But you know what, it goes deeper than that…because I believe that God has blessed us with amazing minds that find connection in so many amazing ways.  And often, if we allow our minds to do so…we begin to see connections with our faith…and with our God who made all of this in the first place…and there’s a word for that sort of thing…Incarnation.

Often times that word gets used strictly to describe God becoming human…and that’s not wrong…God did become human…God put on flesh…God did dwell among us…but it goes farther than that too…because once “THE INCARNATION” was over and the resurrected Lord returned to heaven, we were given the assurance that through the power of the Holy Spirit, WE ARE THE BODY OF CHRIST…

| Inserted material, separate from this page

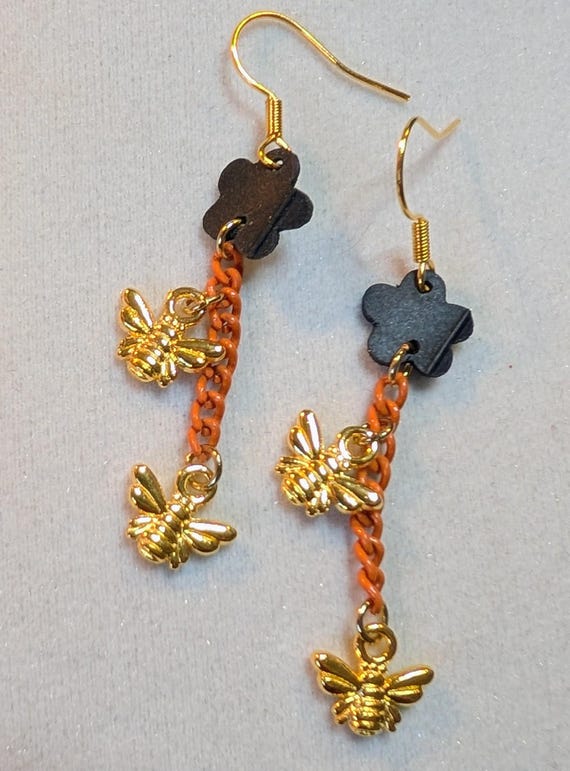 Bee, Bee Mine, Upcycled Bicycle Innertube Dangle Earrings with orange chain, Handmade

And that means that each of these little moments that reveal a truth to us…those images or those sounds or those interactions with one another…whatever they are…they reveal a little bit of God to us…and that’s how our faith puts on flesh…because our lives of faith are NOT just 45 minutes or an hour that we spend sitting in these pews on a Sunday morning…our lives of faith are lived 24-7…and truly ALL of creation speaks to the glory of God…even in those moments when we can’t quite understand just what that Glory actually means. (pause)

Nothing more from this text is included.